→ Source data

******************************

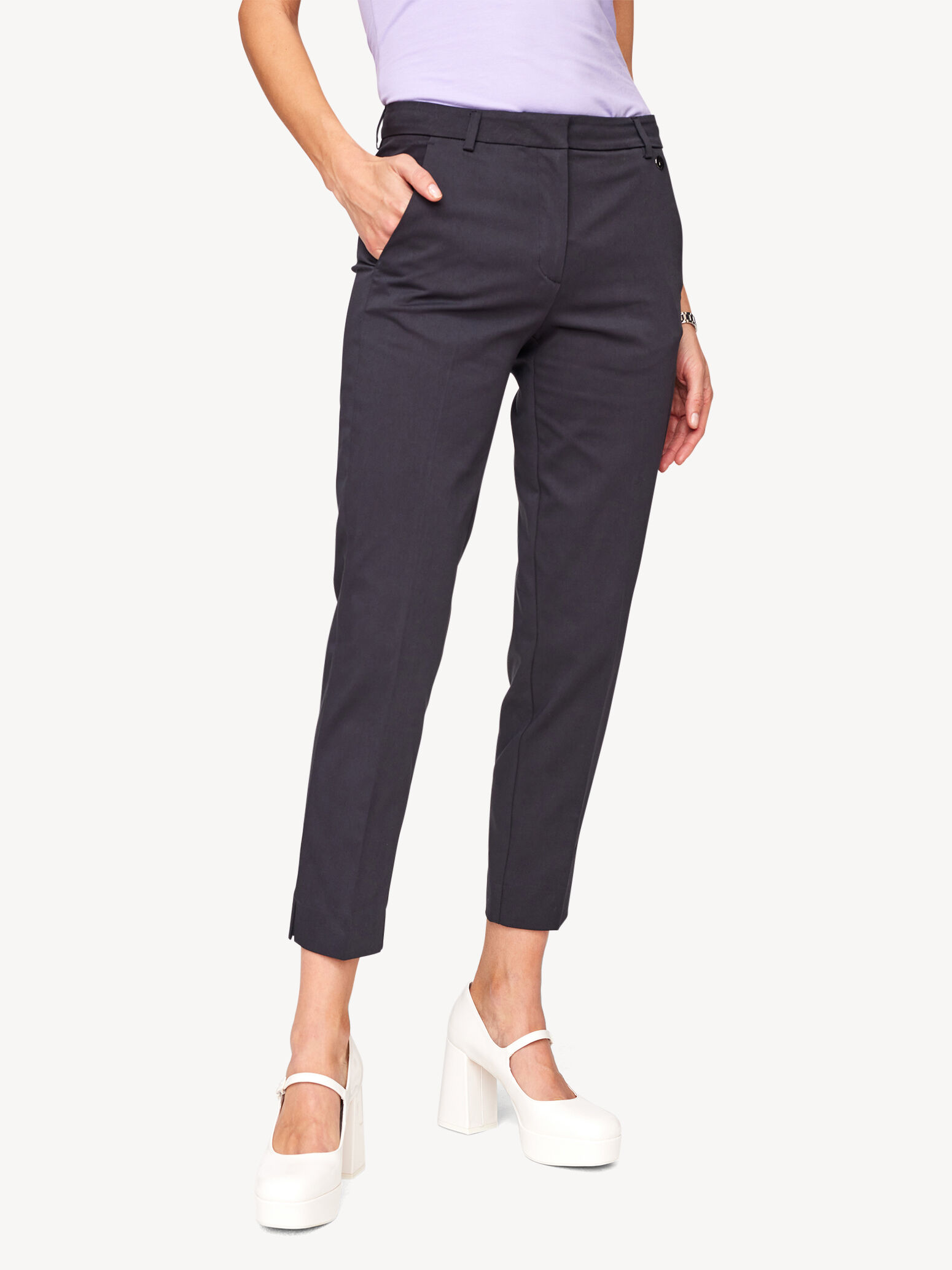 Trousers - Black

******************************

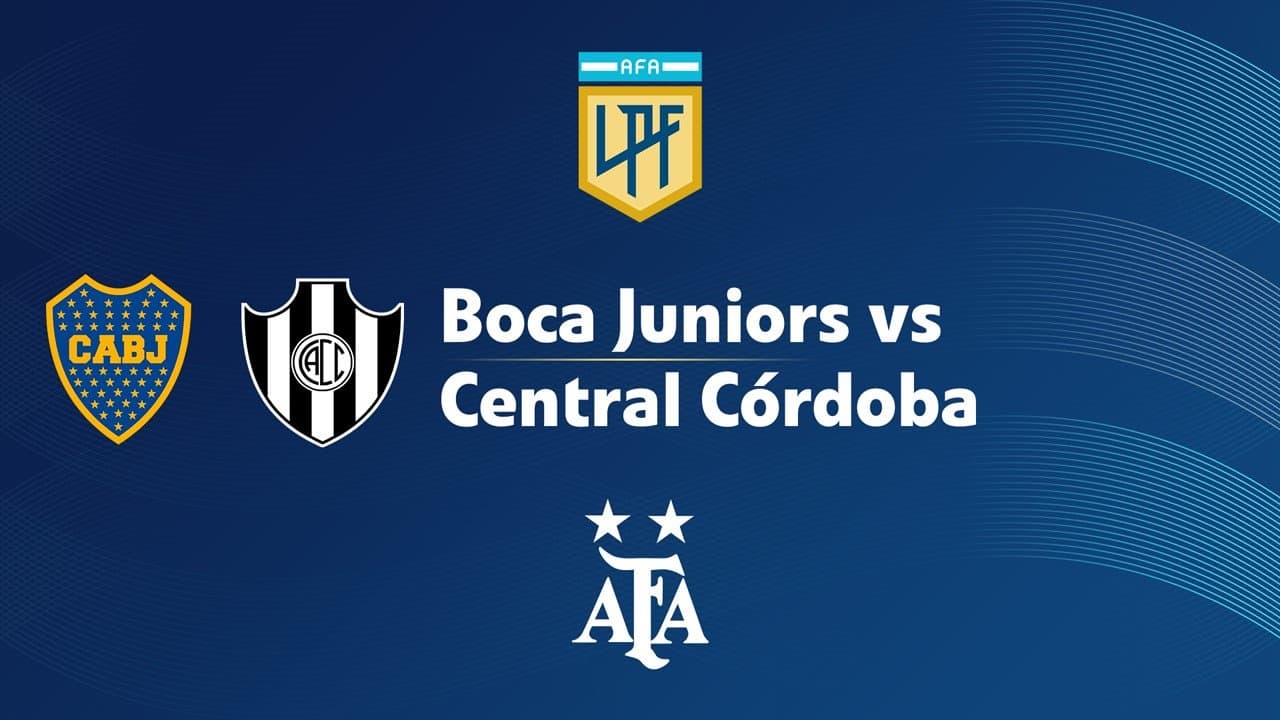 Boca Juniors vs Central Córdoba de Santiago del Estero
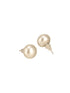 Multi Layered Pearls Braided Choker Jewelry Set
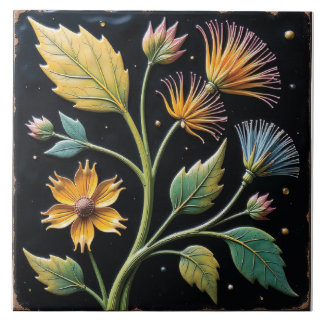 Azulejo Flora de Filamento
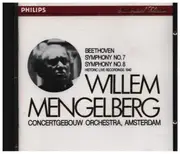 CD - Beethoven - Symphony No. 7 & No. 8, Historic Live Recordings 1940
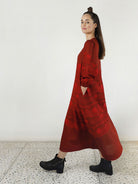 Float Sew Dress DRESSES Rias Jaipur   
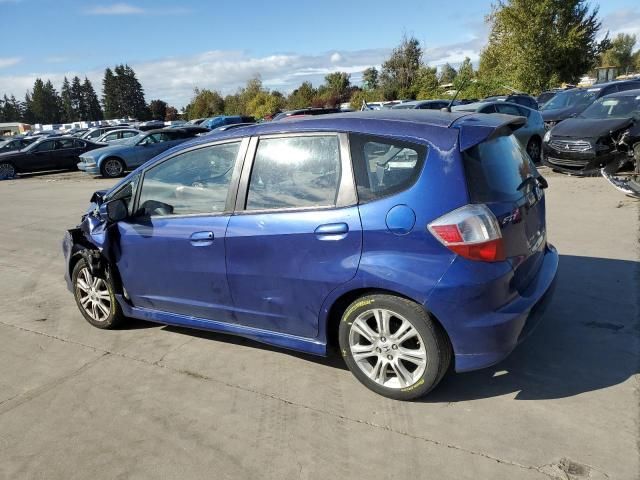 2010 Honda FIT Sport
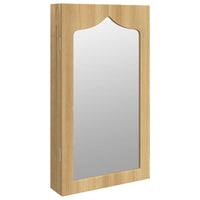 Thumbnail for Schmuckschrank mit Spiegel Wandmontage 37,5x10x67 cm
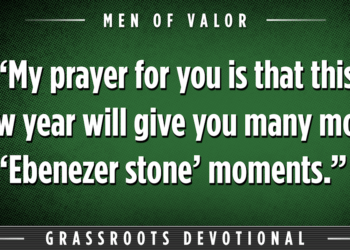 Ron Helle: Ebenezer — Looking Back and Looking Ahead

******************************

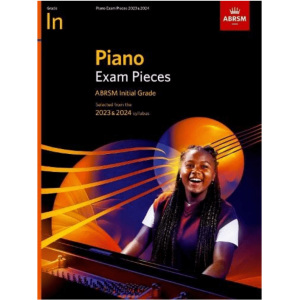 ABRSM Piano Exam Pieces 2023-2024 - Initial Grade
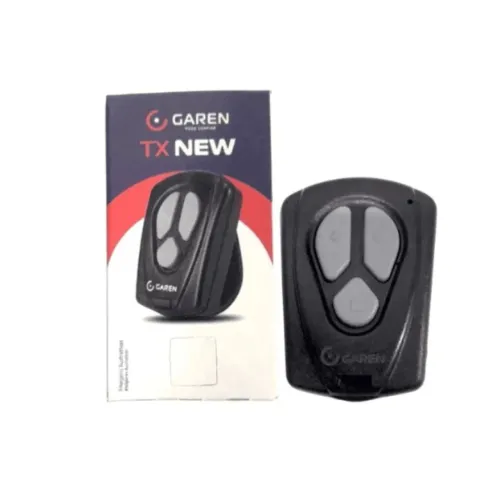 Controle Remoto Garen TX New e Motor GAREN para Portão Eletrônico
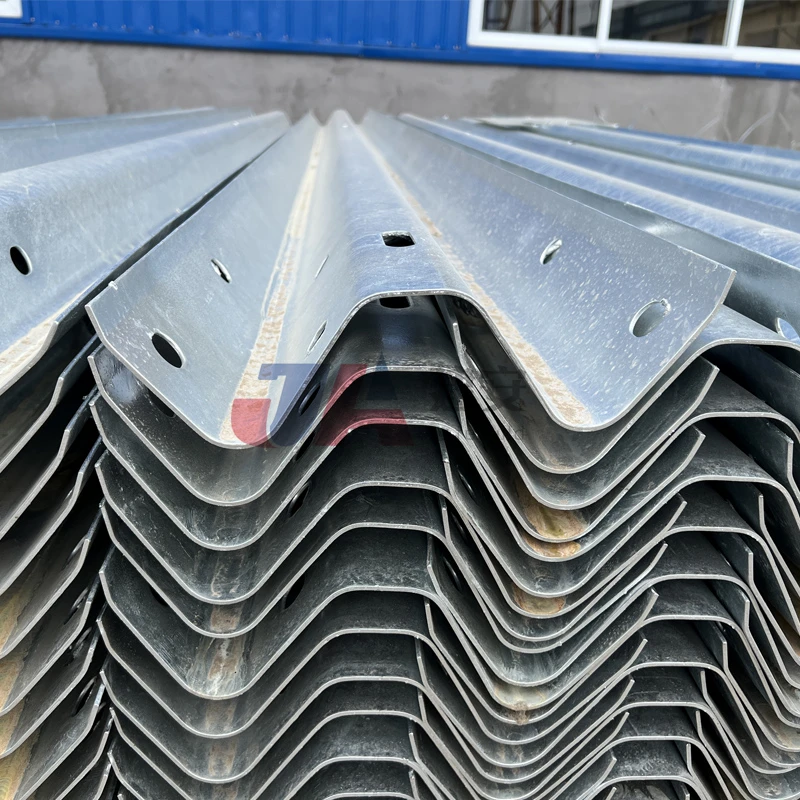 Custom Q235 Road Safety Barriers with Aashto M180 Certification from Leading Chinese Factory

******************************

→ Exercise instructions
Transcribe the lines above exactly, beginning at the one with "CD - Beethoven" and ending at the one with "Ron Helle: Ebenezer". Include both; exclude the pictures.

→ The completed task
 CD - Beethoven - Symphony No. 7 & No. 8, Historic Live Recordings 1940
 Float Sew Dress DRESSES Rias Jaipur   
 2010 Honda FIT Sport
 Thumbnail for Schmuckschrank mit Spiegel Wandmontage 37,5x10x67 cm
 Ron Helle: Ebenezer — Looking Back and Looking Ahead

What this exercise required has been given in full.